> [About this task] Starting at the line that contains "膈疝的影像学表现与检查方法", repeat each line of the listing below through the last one, exactly, and leave out every picture.

> [Provided material]
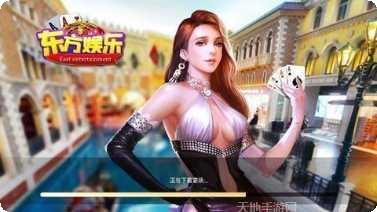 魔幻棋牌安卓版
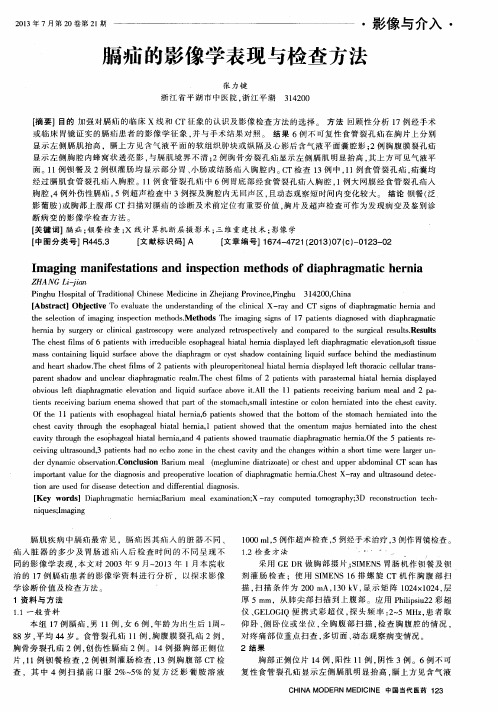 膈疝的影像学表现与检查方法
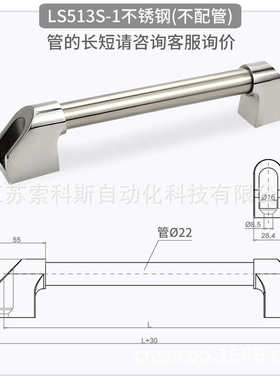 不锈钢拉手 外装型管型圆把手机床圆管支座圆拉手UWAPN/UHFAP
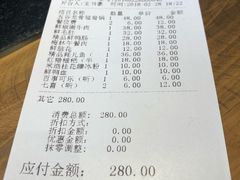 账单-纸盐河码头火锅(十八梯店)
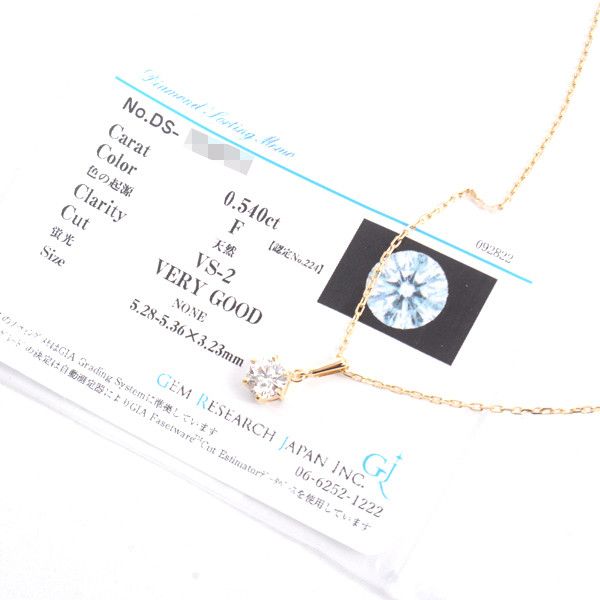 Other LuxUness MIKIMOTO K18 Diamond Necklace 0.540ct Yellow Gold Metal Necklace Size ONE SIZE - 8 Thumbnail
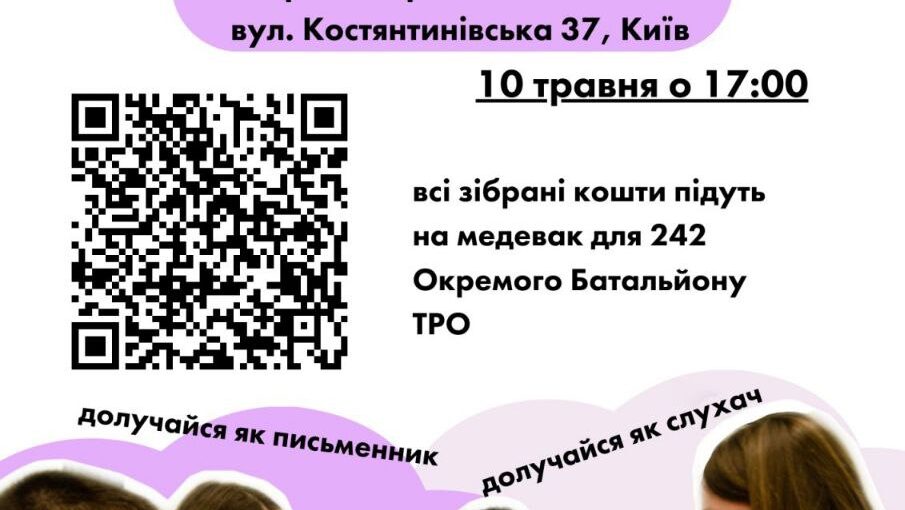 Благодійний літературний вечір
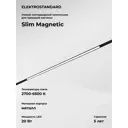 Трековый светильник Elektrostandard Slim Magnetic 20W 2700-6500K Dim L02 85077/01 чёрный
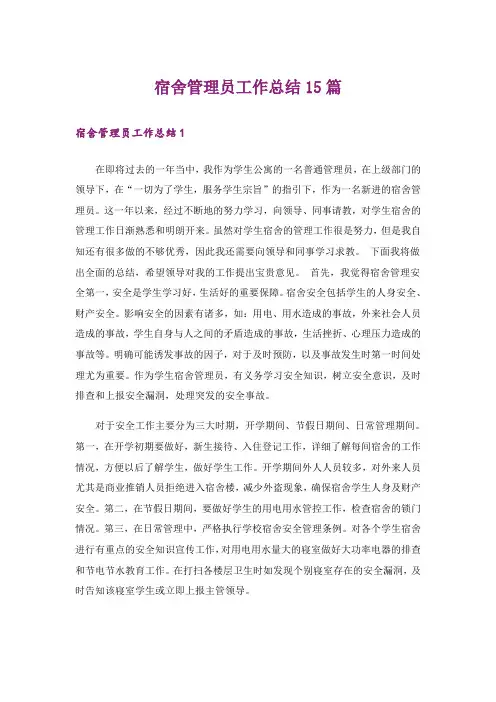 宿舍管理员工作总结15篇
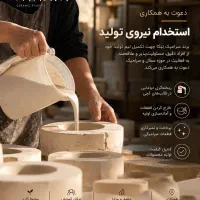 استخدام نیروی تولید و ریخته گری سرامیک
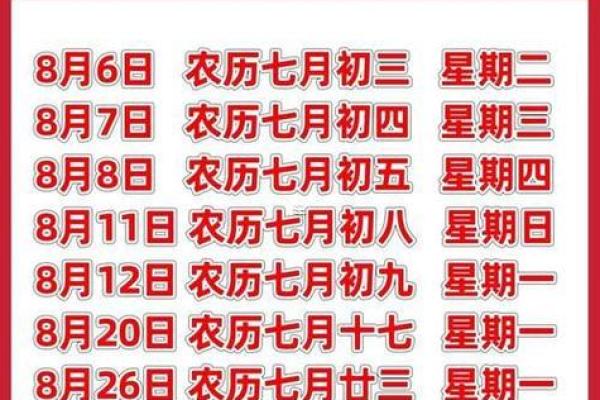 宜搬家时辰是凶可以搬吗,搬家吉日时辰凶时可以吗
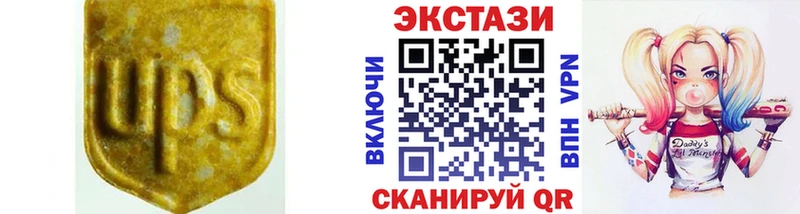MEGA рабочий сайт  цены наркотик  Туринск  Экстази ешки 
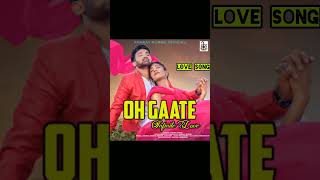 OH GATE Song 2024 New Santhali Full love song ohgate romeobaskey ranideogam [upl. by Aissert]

> [Solution]
 膈疝的影像学表现与检查方法
 不锈钢拉手 外装型管型圆把手机床圆管支座圆拉手UWAPN/UHFAP
 账单-纸盐河码头火锅(十八梯店)
 Other LuxUness MIKIMOTO K18 Diamond Necklace 0.540ct Yellow Gold Metal Necklace Size ONE SIZE - 8 Thumbnail
 Благодійний літературний вечір
 Трековый светильник Elektrostandard Slim Magnetic 20W 2700-6500K Dim L02 85077/01 чёрный
 宿舍管理员工作总结15篇
 استخدام نیروی تولید و ریخته گری سرامیک
 宜搬家时辰是凶可以搬吗,搬家吉日时辰凶时可以吗
MEGA рабочий сайт  цены наркотик  Туринск  Экстази ешки 
 OH GATE Song 2024 New Santhali Full love song ohgate romeobaskey ranideogam [upl. by Aissert]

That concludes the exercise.